EUR/USD strength post the ECB meeting didn’t last long at all and the pair is now trading a touch below 1.36. The pair is currently holding a tight range with some limited moves there on the back of bank holidays for France and Germany.
China data could be a dampener
Australia also had a bank holiday yesterday and the market returns to trade today after missing out on a couple of bid economic readings. The first of these two is the US non-farm payrolls print from Friday and the second is China’s trade balance, which was released on Sunday. China’s trade balance showed a much bigger-than-expected surplus, primarily driven by a significant drop in imports. Imports for May were expected to be up 6%, but instead showed a 1.6% drop.
Some of Australia’s key commodities exports to China dropped off significantly and this will be a concern.
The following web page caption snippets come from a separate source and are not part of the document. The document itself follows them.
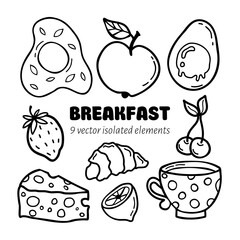 Vector hand drawn set breakfast icons. In doodle style, isolated clipart on a white background. Apple, strawberry, fried egg, cheese, cherry, lemon, croissant, polka dot mug, half a boiled egg.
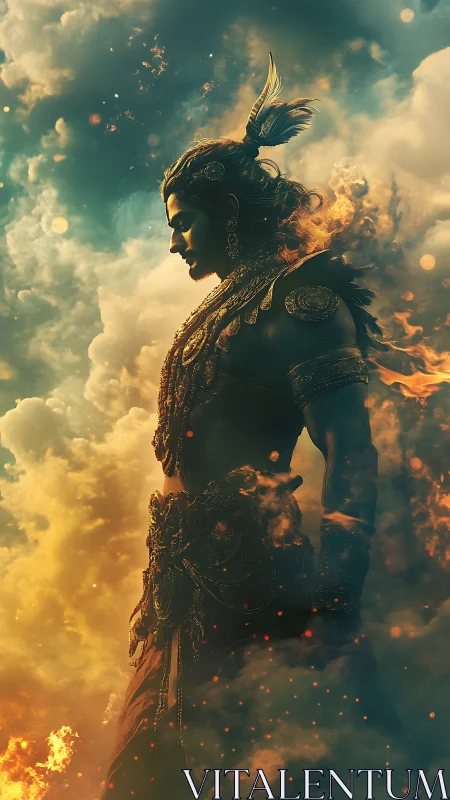 Mythic armored figure in clouds with fire elements profile.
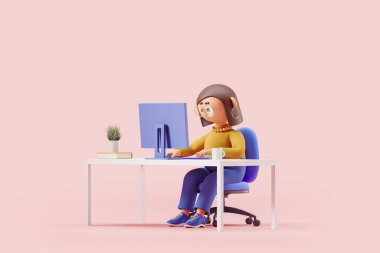 Cartoon woman working in home office with pc computer on desk, side view. Copy space empty pink background. Concept of freelancer. 3D rendering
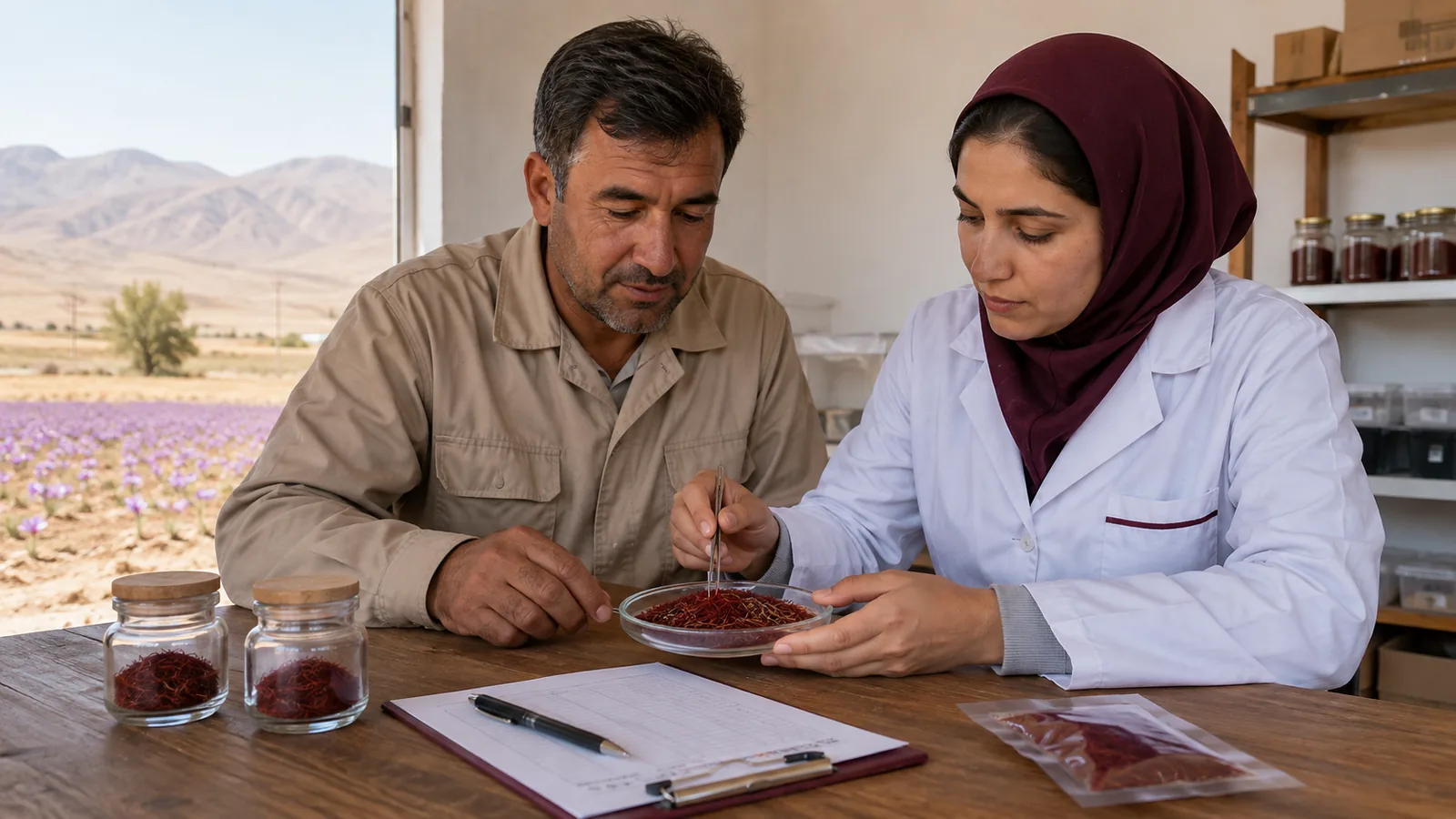 North Khorasan saffron grower and quality specialist inspecting a traceable saffron lot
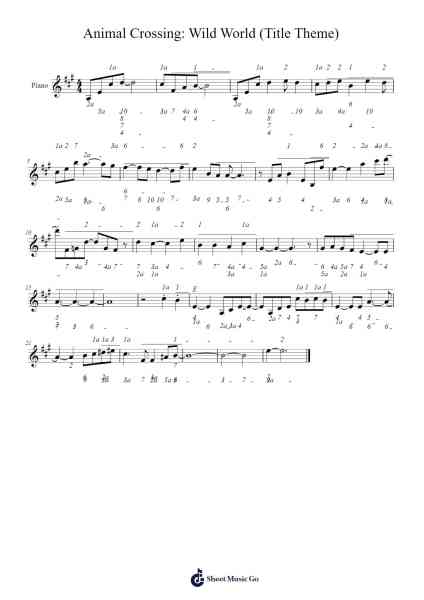 Animal Crossing: Wild World (Title Theme) Sheet Music by Kazumi Totaka-Arr.Wesquinn Bunmeg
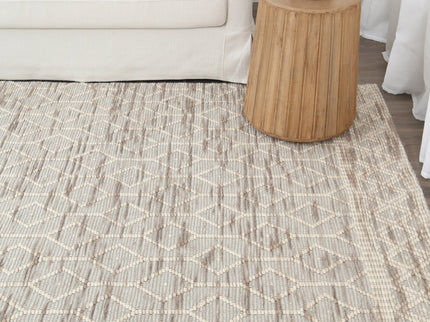 Copacabana Lattice Beige Wool Rug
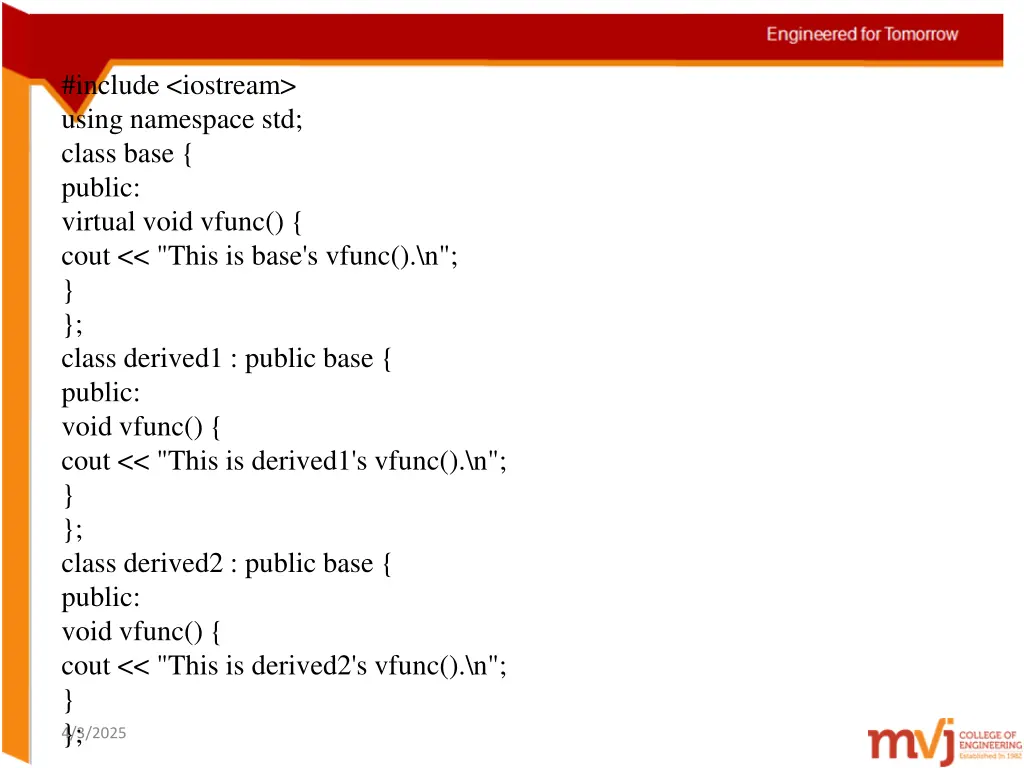 include iostream using namespace std class base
Regardless, AUD/USD has held up relatively well and in fact continues to hold its ground above 0.93. The pair will be facing another test today, with CPI and PPI data due out. The data is due out at 11.30 AEST and CPI is expected to show 2.4% growth.
Locally we have NAB business confidence, ANZ job ads and home loans data due out. As a result, AUD/USD could be in for a busy session today and will face some real tests if local data continues to show signs of strain. Ahead of the local market open, we are calling the ASX 200 up 0.5% at 5489. I expect to see some of the themes from last week continue, particularly in the resource space. China’s imports drop off won’t help the situation, particularly for the iron ore miners.